The answer must consist solely of the lines from the line with "Imagem de KIT" to the end of the data below, transcribed exactly and with no pictures.

(Pictures with short captions)
╭──

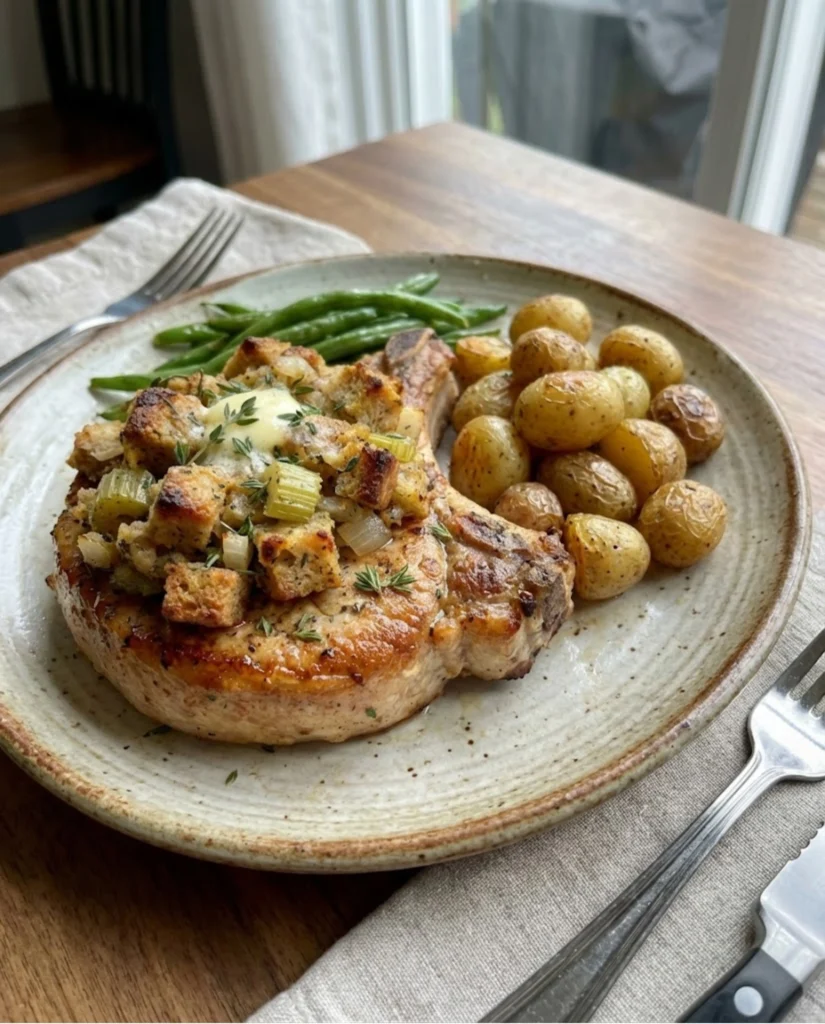 Baked Pork Chops with Stuffing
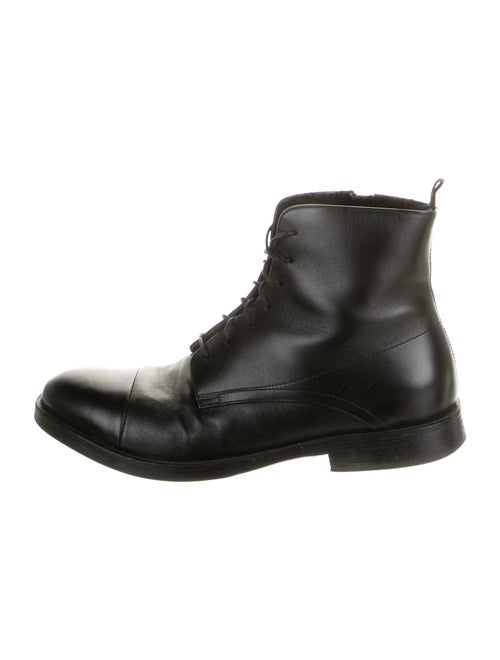 Barney's New York Leather Combat Boots Black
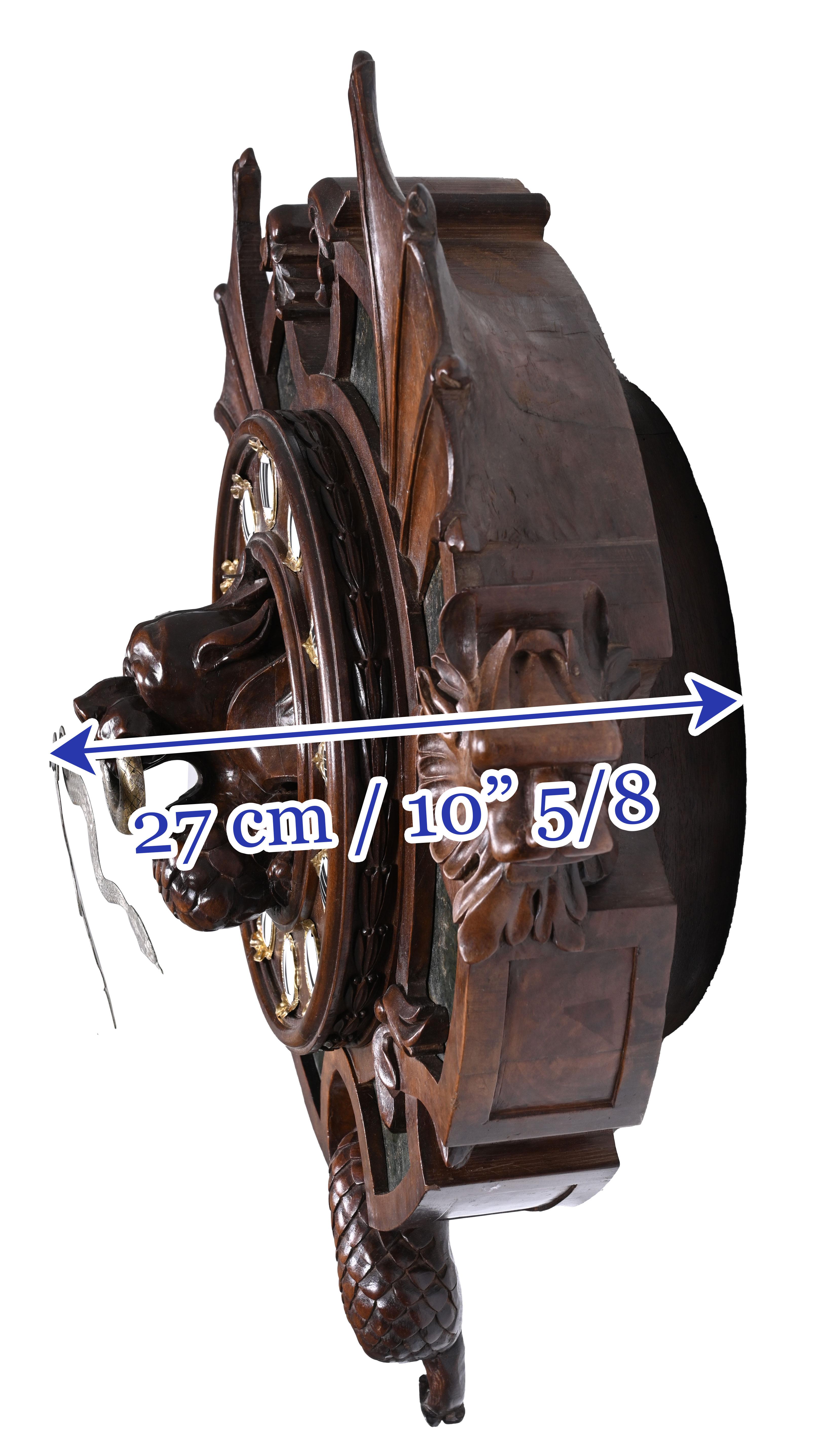 Wall Clock in Carved Wood and Hardstone – 19th Century For Sale 7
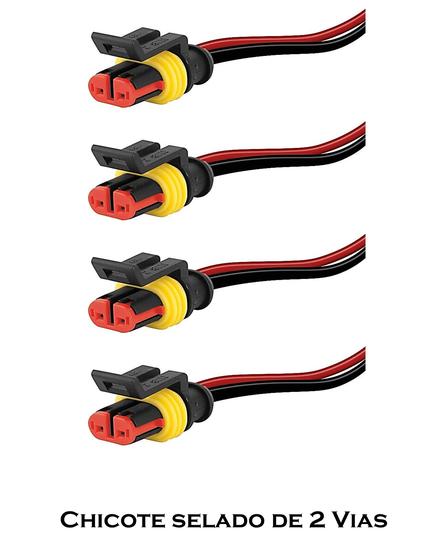 Imagem de KIT 4 Chicote para Lanterna Automóvel Caminhão Ônibus com Conector Selado de 2 Vias
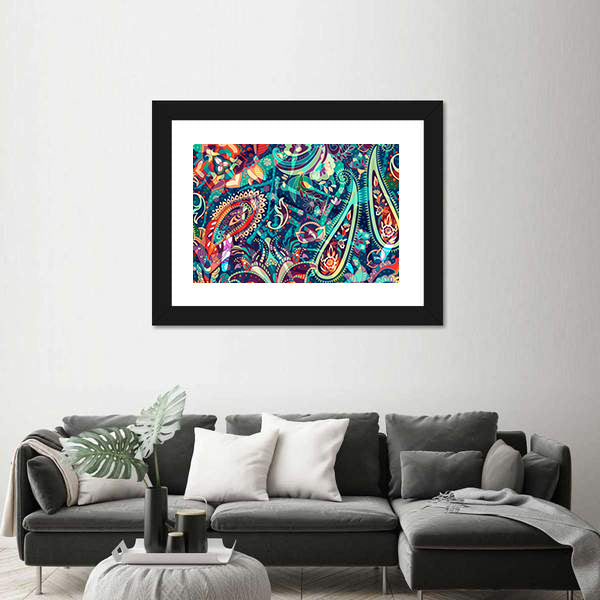 Colorful Boho Paisley Floral Canvas Wall Art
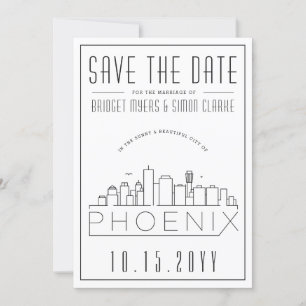 Phoenix Hochzeit stilisierte Skyline Save-the-Date Einladung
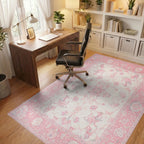 Sweet Blossom Pink Floral Medallion Rug - Office View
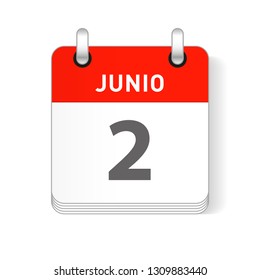 Junio 2, June 2 date visible on a page a day organizer calendar in spanish Language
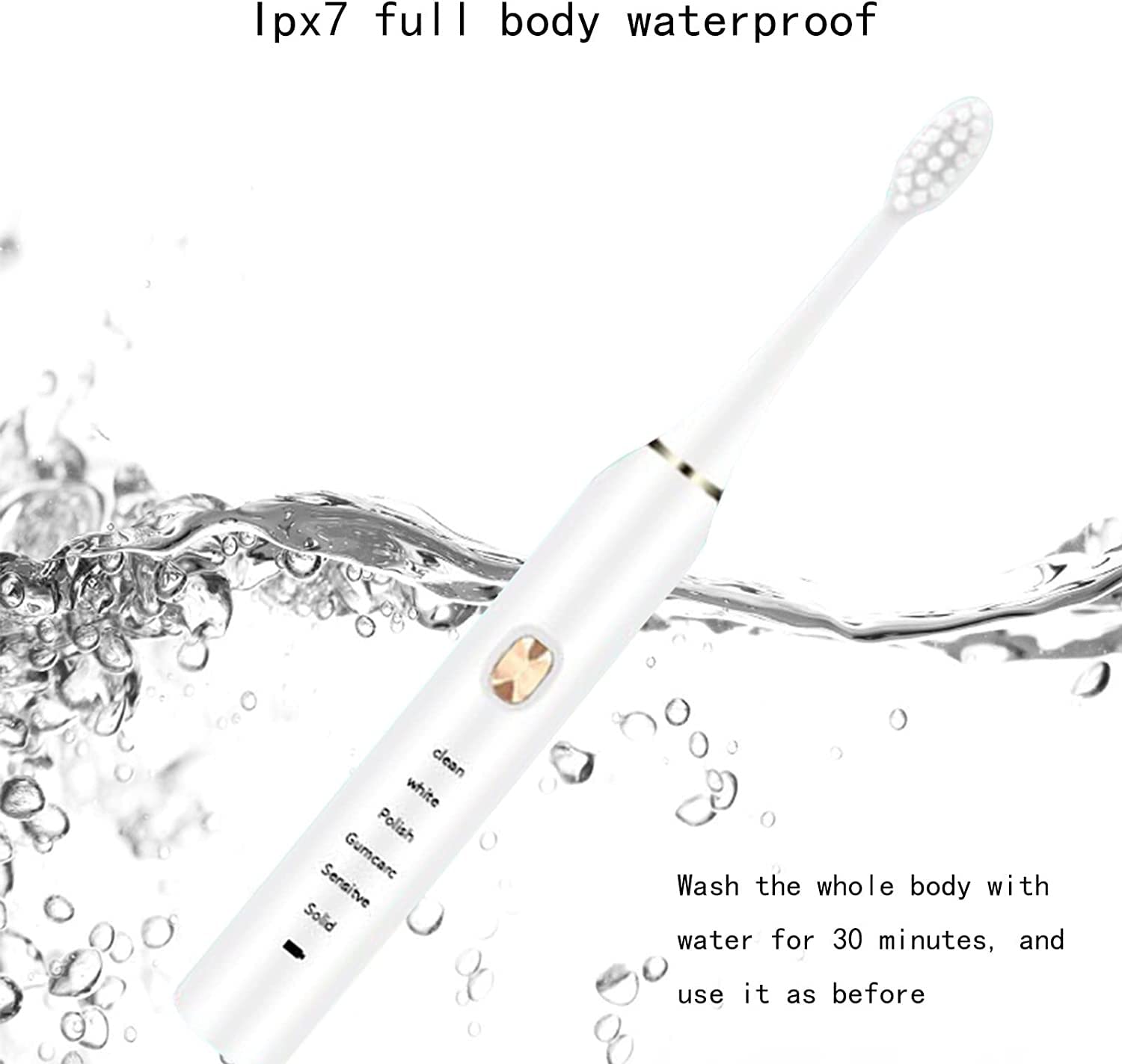 ARTSZY Spazzolino Elettrico for Adulti con 2 testine, Timer Intelligente a 6 velocità, Impermeabile IPX7, Denti puliti delicati ed efficaci, Kit spazzolino da Viaggio Ricaricabile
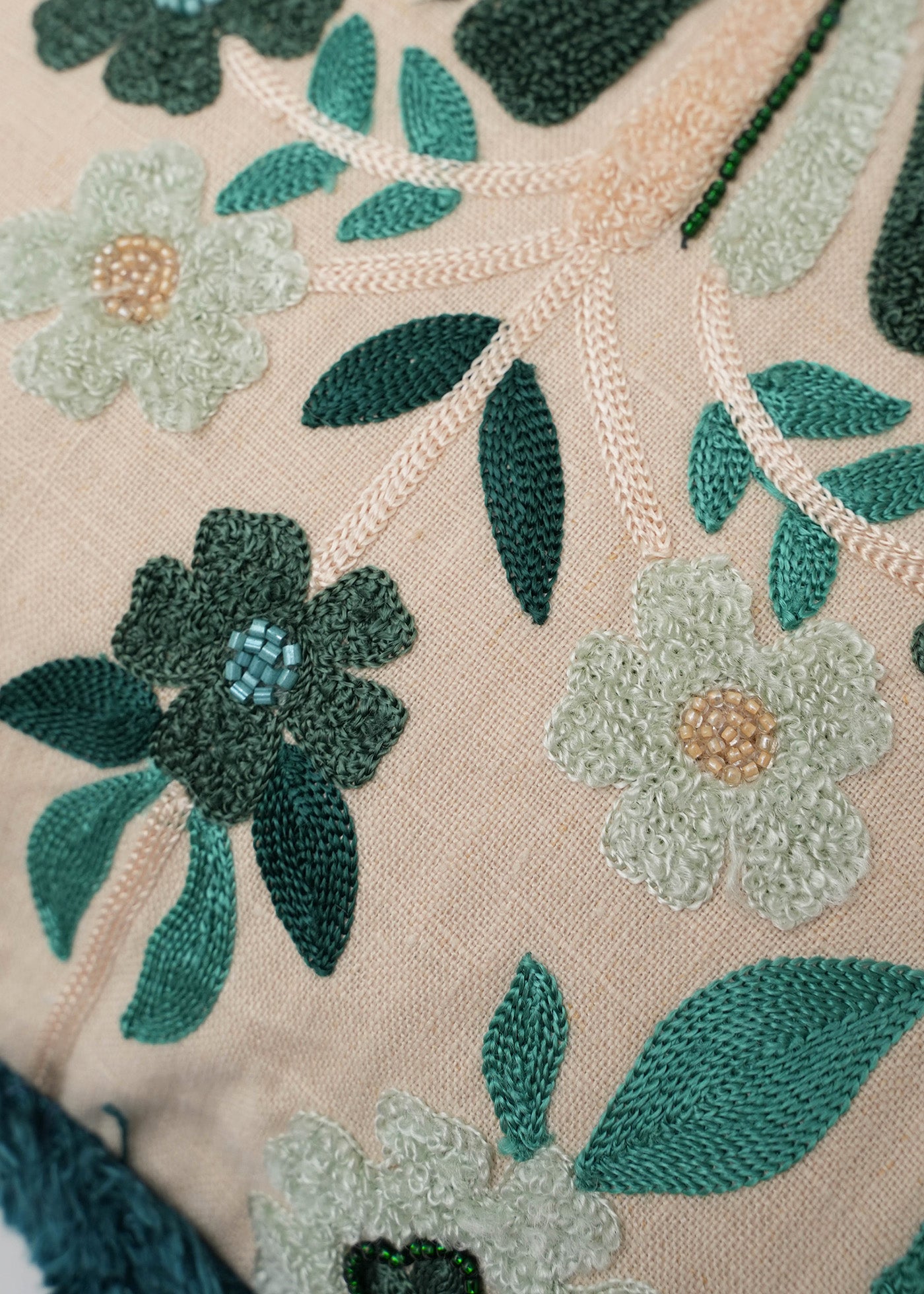 Linen Flower Embroidery Cushion Cover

╰──

■ Answer for this exercise:
 Imagem de KIT 4 Chicote para Lanterna Automóvel Caminhão Ônibus com Conector Selado de 2 Vias
 Colorful Boho Paisley Floral Canvas Wall Art
 Phoenix Hochzeit stilisierte Skyline Save-the-Date Einladung
 Sweet Blossom Pink Floral Medallion Rug - Office View
 Junio 2, June 2 date visible on a page a day organizer calendar in spanish Language
 ARTSZY Spazzolino Elettrico for Adulti con 2 testine, Timer Intelligente a 6 velocità, Impermeabile IPX7, Denti puliti delicati ed efficaci, Kit spazzolino da Viaggio Ricaricabile
 Linen Flower Embroidery Cushion Cover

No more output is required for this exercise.